We both agreed that the play’s biggest misjudgment is its pop-art rape sequence, which Niki seems to forgive Kim for bafflingly easily. (The book is much more violent in this regard – “Kim hammered the hell out of the kid”).
But in conclusion, she says: “What I liked about it most of all was that relationships were very complicated in those days; women were trying to find their independence and assert their sexuality. Things have changed now. Women come out, find lovers and so on, not in all cases, of course, but the road to true love can be a lot easier these days. But also, in dramatic terms, everything is now a bit clean and tidy and homogenized. A lot more packaged. Today everyone has to appeal. Whereas the character of Kim makes no concessions. She is her own person. That courage is an attractive quality”.
The Other Woman remains a testament to the powerhouse of creativity and artistic freedom David Rose oversaw at BBC Birmingham, and to his commitment to giving new voices a place in the schedules.
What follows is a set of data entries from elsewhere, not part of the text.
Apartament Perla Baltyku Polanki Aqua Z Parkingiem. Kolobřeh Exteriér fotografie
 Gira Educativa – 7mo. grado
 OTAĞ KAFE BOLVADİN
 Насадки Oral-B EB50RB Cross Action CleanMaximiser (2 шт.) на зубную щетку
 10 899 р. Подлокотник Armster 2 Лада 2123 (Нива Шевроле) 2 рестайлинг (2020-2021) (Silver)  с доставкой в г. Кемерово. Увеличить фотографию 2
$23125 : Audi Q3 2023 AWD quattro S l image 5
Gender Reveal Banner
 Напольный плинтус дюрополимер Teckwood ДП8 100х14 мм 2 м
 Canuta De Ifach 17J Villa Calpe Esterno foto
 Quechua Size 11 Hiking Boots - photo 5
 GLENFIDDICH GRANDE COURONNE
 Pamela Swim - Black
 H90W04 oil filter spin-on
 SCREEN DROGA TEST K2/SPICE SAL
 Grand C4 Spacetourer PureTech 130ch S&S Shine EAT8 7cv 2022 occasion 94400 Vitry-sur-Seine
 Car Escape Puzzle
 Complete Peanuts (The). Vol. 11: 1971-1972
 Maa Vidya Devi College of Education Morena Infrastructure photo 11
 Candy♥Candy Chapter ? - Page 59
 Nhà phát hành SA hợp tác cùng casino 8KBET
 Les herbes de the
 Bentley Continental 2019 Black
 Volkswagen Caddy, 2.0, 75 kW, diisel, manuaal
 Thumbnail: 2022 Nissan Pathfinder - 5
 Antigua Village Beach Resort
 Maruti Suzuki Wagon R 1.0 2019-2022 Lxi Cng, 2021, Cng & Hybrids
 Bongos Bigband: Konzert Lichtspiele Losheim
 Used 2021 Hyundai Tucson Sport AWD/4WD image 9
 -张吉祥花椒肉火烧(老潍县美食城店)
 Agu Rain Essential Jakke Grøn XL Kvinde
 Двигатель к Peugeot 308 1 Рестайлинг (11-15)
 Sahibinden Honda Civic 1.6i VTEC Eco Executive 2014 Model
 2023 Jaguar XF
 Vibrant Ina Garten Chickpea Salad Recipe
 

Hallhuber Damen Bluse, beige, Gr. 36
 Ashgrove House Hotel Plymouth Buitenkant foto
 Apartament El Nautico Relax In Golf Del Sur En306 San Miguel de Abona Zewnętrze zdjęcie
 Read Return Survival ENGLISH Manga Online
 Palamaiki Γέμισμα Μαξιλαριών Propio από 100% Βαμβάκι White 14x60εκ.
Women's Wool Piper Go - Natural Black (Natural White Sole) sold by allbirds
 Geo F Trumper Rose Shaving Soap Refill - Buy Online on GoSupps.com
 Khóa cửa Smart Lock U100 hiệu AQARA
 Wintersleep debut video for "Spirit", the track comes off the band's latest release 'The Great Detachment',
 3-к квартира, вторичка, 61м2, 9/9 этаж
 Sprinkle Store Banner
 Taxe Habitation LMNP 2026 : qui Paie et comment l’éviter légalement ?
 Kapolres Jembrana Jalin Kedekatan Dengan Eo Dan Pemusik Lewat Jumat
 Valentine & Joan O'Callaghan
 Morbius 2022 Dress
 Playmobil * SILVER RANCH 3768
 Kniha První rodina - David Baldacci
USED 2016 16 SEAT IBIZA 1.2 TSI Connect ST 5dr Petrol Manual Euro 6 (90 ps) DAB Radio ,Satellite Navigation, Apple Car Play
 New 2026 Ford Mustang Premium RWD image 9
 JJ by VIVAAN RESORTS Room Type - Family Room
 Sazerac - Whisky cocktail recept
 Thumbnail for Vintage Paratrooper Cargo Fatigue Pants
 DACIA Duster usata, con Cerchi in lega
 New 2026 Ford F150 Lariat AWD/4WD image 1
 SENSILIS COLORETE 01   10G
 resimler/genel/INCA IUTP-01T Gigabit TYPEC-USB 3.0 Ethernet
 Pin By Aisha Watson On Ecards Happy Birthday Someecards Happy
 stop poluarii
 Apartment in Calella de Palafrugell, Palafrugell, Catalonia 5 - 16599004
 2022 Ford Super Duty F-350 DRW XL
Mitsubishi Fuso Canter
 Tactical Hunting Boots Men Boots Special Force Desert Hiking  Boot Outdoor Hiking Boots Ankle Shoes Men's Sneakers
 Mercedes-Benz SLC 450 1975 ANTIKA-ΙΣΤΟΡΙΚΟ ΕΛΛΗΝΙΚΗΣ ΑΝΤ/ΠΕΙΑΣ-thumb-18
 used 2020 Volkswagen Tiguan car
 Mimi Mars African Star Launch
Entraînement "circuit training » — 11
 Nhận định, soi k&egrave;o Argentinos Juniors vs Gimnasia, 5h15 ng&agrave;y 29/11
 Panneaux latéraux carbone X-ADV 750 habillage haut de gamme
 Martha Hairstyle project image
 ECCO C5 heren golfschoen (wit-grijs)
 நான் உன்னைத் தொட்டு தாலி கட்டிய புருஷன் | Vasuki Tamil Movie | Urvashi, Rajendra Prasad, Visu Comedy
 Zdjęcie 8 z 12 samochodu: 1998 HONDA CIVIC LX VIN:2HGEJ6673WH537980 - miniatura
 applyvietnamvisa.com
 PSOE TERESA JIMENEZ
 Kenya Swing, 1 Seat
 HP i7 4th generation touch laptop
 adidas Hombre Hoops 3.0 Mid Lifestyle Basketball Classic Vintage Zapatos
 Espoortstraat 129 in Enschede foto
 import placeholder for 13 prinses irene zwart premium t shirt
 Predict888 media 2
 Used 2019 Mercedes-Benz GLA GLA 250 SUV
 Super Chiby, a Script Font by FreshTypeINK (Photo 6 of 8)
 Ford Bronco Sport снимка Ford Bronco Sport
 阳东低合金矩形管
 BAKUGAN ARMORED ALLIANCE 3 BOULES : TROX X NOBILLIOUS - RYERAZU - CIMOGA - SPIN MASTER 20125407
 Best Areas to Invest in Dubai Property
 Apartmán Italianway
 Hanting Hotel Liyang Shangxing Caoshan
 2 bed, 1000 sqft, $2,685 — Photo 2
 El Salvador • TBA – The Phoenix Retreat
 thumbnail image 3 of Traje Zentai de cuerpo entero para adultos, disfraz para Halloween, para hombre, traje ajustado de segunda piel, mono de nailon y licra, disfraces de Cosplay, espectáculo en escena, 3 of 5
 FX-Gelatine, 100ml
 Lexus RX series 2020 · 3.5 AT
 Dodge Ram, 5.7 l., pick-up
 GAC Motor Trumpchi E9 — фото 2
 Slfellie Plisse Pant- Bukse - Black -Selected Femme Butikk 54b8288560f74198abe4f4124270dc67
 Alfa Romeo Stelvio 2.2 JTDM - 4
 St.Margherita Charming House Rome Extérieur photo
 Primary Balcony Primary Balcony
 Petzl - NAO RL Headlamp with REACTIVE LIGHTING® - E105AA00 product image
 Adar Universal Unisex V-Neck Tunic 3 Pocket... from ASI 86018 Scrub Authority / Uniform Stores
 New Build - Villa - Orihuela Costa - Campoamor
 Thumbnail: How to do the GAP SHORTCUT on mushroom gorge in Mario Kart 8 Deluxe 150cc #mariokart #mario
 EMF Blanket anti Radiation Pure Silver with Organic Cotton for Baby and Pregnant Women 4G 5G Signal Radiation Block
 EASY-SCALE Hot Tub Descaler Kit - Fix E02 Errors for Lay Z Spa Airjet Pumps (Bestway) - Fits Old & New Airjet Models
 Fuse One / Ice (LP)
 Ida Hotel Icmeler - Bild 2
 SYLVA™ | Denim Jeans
It is a defiant piece of writing that refuses to be quelled.
The first page of The Three Sexes claims that Gould was at that time working on a new television play, Sack, Cloth And Ashes, but in fact, she never had another original drama broadcast. Smethurst remembered that “she was certainly keen to get work. She had a daughter didn’t she? She complained bitterly in a phone call: ‘Surely I can earn enough to get enough to live on?’ She approved of Jane Lapotaire, but her farewell was a postcard saying: ‘Thank you for your part in fucking up my play'”.
Roger Gregory remembers a later play she wrote, “about vegetarianism. The basic idea was that if you are prepared to eat an animal, you should be prepared to kill it too. It was set around a table, at a dinner party. At a meeting with a producer, she referred to the audience as “the punters”. He was offended by the term, and when she used it a second time, he walked out. She was treated very badly”. Back to William Smethurst:
“Later, I went on to edit The Archers on Radio 4. There, I enticed her to write some scripts for me. I was fascinated to see how she would tackle the everyday story of country folk. She didn’t last long, although she wrote very well.
“Watson eventually vanished in the night during a weekend script-meeting in Chipping Campden. She had written ordering a strange dinner featuring walnuts and other odd things, so I went ahead and ordered it for her. It was the wrong move on my part. Next morning there was a brief note in the hotel lounge. She had gone.
“How she got herself from remote Chipping Campden to the railway station, I have no idea. This was nearly forty years ago, remember, and at the time, Chipping Campden was a very sleepy place.
Just a few weeks before he died, Smethurst sent me a copy of a letter Watson Gould had written to him soon after the broadcast of The Other Woman, a precious and fascinating document raging with scorn, cynicism and gleeful disrespect. I myself tried to contact her back in 2001; her reply began “Good grief! Someone who remembers the days when I was paid to write!” She agreed to talk to me because she still stood by the beliefs expressed in the play, but I never heard from her again. I tried to contact her again last year, to no avail.
William Smethurst’s last words to me were: “Watson Gould… so brave, in her fight against the world.”
May he rest in peace, and may her work live on.
“Through my work I’d been trying to show how much better life would be if there were not three sexes. But one. But they didn’t work. Such hope, such fantasy, just didn’t spell out to people what is wrong. Why the world is in such a mess. But people need it spelt out”.